The Jayhawks formed in 1985 after Louris had left his college rockabilly band, Safety Last. Concurrent with his time in The Jayhawks – who released eight career albums -- Louris became a charter member of an alt-rock supergroup called Golden Smog that also featured members of Soul Asylum, The Replacements, Big Star and Chicago’s own Jeff Tweedy of Wilco. A total of five Golden Smog albums were recorded by the ensemble over the years, the last being “Blood on the Slacks” in 2007.
While there are no plans at present for future Golden Smog gatherings or recordings, Louris told how Jody Stevens of Big Star dropped in to sing with him at a gig earlier this week. “There’s still a lot of love there and we’re all good friends, so there is always a possibility. I think we would all certainly entertain the idea, but the hard part is getting everyone’s schedules together,” he said.
In his post-Jayhawks years, Louris has found time to lend his writing, performing and production talents to projects and songs by acts as diverse as John Hiatt, The Black Crowes, The Dixie Chicks, Nickel Creek, The Wallflowers, Roger McGuinn and Counting Crows.
Although he has regrouped with his old band mates to record songs in recent years, Louris advises fans not to hold their breath for any sort of reformation. “It was enjoyable (recording with them for the 2011 “Mockingbird Time” album) but…,” his voice trails off before shifting gears. “I’m enjoying the solo performances right now.”
Louris will do such a performance Saturday at Valparaiso’s Memorial Opera House as part of the ongoing “Imagine Music Series,” presented by local promoters Rob Harkel and Brad Koeppen. “We have wanted Gary at the Opera House for a long time now,” said Harkel, who expects Louris will fill the seats. “We are very happy he’s here and people can expect a great show.”
“It’s strictly solo – me, my guitar and my voice,” said Louris of his Saturday concert. “There’s a fair amount of Jayhawks stuff, there’s songs I’ve co-written for other people, some of the Golden Smog stuff. It’s whatever floats my boat at the time. Playing songs that I really want to play is what is important for me.”
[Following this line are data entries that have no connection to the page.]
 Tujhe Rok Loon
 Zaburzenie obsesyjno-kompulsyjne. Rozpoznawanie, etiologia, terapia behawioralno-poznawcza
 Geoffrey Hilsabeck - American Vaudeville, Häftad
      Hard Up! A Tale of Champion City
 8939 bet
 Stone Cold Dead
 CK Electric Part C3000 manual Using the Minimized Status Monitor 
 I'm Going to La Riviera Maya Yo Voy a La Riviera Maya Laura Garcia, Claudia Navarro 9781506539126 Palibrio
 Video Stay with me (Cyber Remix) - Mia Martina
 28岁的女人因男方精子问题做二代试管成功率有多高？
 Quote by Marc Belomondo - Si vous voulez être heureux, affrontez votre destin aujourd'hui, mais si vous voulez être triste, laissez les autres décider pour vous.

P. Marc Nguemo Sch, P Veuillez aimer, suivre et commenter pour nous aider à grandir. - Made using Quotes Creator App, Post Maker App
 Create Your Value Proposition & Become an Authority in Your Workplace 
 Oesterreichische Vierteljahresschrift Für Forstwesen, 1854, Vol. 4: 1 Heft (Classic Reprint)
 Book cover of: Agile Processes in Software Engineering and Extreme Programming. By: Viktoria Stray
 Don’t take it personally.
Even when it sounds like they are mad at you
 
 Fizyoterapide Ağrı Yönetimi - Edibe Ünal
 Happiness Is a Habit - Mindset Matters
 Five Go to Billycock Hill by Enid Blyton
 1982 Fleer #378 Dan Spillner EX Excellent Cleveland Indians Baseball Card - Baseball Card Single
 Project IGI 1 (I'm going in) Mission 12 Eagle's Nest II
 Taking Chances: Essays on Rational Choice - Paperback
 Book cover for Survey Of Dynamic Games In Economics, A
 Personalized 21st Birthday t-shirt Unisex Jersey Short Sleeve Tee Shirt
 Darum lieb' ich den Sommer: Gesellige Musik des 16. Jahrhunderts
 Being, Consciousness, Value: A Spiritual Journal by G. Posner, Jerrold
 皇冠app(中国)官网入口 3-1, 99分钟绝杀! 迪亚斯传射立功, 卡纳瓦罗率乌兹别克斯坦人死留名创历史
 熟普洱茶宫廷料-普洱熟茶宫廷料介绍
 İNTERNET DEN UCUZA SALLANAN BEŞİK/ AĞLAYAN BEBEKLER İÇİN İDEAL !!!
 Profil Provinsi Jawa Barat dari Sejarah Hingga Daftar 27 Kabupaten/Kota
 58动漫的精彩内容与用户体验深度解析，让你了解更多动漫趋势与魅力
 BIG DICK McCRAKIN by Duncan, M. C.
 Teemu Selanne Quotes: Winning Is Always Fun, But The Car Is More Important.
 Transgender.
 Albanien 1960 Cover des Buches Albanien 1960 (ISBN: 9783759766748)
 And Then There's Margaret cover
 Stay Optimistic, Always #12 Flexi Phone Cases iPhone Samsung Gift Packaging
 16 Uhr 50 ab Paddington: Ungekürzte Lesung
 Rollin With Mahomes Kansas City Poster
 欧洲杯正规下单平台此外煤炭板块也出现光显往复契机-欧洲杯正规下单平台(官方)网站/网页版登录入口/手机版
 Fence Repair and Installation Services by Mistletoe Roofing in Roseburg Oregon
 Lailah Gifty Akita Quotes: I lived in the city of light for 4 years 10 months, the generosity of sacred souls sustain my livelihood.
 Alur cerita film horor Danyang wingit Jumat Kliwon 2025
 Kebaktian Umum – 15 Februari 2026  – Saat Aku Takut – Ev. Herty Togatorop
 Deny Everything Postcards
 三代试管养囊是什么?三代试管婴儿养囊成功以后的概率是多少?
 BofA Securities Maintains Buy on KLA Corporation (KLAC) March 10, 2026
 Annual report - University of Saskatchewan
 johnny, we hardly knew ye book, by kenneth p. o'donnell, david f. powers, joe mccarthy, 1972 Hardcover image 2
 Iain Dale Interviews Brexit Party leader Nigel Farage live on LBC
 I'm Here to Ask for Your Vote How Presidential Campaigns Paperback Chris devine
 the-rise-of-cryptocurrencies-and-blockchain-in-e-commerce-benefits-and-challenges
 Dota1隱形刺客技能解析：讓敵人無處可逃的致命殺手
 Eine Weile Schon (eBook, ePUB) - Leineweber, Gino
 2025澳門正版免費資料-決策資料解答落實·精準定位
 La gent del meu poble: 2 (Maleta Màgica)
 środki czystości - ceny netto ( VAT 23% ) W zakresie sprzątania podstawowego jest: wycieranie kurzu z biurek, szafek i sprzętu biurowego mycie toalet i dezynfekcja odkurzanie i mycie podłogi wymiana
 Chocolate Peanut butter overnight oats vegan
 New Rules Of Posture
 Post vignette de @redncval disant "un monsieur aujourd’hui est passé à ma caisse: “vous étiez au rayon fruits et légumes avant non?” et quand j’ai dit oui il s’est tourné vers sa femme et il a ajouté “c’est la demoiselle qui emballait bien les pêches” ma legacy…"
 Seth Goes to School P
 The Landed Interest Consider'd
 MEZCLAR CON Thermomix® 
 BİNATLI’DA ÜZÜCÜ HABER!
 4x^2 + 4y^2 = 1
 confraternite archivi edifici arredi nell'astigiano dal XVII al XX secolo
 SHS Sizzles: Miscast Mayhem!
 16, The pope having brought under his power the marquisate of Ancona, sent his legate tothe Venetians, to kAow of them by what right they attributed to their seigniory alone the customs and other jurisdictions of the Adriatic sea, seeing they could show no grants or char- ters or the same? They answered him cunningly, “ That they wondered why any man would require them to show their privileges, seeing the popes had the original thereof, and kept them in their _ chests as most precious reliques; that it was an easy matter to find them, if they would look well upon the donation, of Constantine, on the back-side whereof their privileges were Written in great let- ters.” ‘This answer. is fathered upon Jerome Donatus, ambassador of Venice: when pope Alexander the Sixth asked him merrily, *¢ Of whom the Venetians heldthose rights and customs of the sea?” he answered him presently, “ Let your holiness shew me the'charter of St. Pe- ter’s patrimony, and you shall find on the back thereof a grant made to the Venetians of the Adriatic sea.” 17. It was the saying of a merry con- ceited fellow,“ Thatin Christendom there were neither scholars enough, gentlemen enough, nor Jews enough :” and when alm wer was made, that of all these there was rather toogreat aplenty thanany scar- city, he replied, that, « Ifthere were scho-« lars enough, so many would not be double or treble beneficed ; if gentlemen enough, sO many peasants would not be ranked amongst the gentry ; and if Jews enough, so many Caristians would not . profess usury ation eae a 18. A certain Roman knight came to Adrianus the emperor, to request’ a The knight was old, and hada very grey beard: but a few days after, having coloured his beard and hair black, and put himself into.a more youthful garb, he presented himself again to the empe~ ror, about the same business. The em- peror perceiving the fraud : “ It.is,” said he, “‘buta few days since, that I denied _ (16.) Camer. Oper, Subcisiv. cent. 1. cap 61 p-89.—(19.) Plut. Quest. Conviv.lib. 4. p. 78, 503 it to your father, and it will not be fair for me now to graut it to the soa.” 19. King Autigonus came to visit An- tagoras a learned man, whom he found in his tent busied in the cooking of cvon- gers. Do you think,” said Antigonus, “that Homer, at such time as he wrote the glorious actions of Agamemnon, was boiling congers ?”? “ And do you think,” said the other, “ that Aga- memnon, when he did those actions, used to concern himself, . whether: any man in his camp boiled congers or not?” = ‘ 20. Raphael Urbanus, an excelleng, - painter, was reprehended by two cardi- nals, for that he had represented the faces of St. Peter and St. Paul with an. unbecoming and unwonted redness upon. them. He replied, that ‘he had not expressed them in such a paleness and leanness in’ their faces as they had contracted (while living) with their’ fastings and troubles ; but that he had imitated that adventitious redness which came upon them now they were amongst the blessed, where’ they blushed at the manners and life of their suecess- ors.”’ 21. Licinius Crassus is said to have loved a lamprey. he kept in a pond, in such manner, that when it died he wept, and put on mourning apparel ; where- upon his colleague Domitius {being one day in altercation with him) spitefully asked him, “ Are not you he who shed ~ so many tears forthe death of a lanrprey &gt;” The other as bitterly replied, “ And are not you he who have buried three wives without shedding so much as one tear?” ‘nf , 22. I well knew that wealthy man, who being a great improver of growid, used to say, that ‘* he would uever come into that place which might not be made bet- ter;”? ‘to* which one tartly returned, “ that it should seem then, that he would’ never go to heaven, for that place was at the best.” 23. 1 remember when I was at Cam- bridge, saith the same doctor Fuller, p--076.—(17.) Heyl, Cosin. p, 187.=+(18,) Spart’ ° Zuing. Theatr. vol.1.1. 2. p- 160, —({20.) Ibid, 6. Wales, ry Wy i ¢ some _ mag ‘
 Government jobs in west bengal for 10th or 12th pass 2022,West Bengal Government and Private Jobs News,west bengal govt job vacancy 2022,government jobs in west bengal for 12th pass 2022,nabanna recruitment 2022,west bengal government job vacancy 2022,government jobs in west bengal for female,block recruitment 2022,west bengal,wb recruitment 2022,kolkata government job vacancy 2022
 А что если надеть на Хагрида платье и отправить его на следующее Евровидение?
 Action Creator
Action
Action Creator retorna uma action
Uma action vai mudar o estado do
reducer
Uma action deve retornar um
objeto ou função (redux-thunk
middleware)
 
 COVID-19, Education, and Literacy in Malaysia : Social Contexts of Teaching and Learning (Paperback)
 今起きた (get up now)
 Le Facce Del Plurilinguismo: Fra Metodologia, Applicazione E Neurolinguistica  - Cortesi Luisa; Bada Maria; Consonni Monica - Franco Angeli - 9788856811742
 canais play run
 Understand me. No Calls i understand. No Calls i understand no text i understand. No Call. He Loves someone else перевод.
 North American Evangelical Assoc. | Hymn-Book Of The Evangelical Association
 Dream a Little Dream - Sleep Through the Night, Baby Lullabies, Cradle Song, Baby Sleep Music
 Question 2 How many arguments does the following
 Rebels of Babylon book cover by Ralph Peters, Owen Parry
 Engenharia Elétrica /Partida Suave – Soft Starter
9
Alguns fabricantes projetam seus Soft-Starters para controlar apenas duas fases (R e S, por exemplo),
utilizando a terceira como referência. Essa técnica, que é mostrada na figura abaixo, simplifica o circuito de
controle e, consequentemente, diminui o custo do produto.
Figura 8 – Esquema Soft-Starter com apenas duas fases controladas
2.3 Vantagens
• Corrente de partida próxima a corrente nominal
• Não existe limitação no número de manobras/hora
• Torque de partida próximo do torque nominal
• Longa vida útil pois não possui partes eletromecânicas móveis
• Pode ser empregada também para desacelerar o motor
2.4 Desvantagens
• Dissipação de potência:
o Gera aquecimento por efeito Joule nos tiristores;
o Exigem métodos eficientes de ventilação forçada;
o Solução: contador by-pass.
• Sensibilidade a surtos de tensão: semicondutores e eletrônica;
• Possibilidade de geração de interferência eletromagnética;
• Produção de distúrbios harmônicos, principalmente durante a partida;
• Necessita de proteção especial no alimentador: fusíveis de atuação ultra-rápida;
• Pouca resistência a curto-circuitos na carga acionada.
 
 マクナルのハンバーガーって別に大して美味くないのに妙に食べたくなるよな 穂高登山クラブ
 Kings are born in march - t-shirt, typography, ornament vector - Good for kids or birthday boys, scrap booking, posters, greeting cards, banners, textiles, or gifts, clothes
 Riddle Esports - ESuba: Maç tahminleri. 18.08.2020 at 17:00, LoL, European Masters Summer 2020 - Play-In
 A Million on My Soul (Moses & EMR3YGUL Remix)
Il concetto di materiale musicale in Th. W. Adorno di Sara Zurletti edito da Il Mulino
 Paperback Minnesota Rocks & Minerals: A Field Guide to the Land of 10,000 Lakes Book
Although he does not encourage requests, Louris said if someone shouts out a title, he will consider it. “I’ll listen to those suggestions and if I’m in the mood to play that song I’ll do it, or if I feel prepared to do it. My shows are fairly loose. But if I’m not in the mood, I won’t.”
After appearing on several Jayhawks and Golden Smog albums, Louris finally got around to releasing his first solo album in 2008. That CD, “Vagabonds,” was recorded in Laurel Canyon and produced by Chris Robinson of the Black Crowes. The song, “She Only Calls on Sundays,” received a fair amount of airplay at college radio, National Public Radio and at open-minded commercial stations like Chicago’s own WXRT-FM.
“It was a very good fit, working with Robinson. I’ve known Chris for so long, that even though he is younger than me, I look to him like an older brother,” recalled Louris. “There was a lot of love in the room when we recorded those songs. It was a very enjoyable process. He had a lot of positive energy and was very decisive about the songs, which I needed because there were a lot of songs we sifted through for that album.”